For instance, is there a difference between saying that you connect to IPMI and IDRAC
?
If I well-understand, IDRAC and LILO
are ipmi-based tools respectively implemented by Dell and HP
, bringing new functionalities?
These are all forms of out-of-band management. IPMI is a standard. DRAC is a proprietary offering from Dell. ILO is the HP ProLiant variant. ILOM for Sun/Oracle. In some cases, you may hear the terms used interchangeably.
The proprietary lights-out management solutions provide more integration with the hardware and often time have nicer features (monitoring, logging, access) than a generic IPMI implementation.
I would like to point out that IPMI or Intelligent Platform Management Interface is an open, industry-standard interface that was designed for the management of server systems over network. It enables you to monitor and control your server platform, as well as to retrieve information about your server platform is a standard. It supports FRU inventory reporting, system monitoring, logging of system events, system recovery (system reset or power off) or alerting.
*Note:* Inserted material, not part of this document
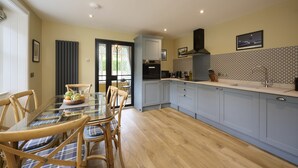 A modern kitchen with light blue cabinets, a glass dining table, and wooden chairs.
But what is more important is that all of the aforementioned service processors - iDRAC, iLO or ILOM - are compliant with this standard (or with a specific version of it) so you can either use vendor specific tools to communicate with them or standardized IPMI tools. This may be an advantage when you need to integrate the platform with some monitoring system which supports IPMI standard but not a specific service processor.
Old question but ... ;
These embedded server management technologies allow a system administrator to monitor and manage servers and other network attached equipment by remote control regardless of whether the machine is powered on or whether an operating system is installed or functional.
For laymen, they are similar but for technical people they are different. So pls dont use them interchangebly if you are troubleshooting faulty hardware. Be specific.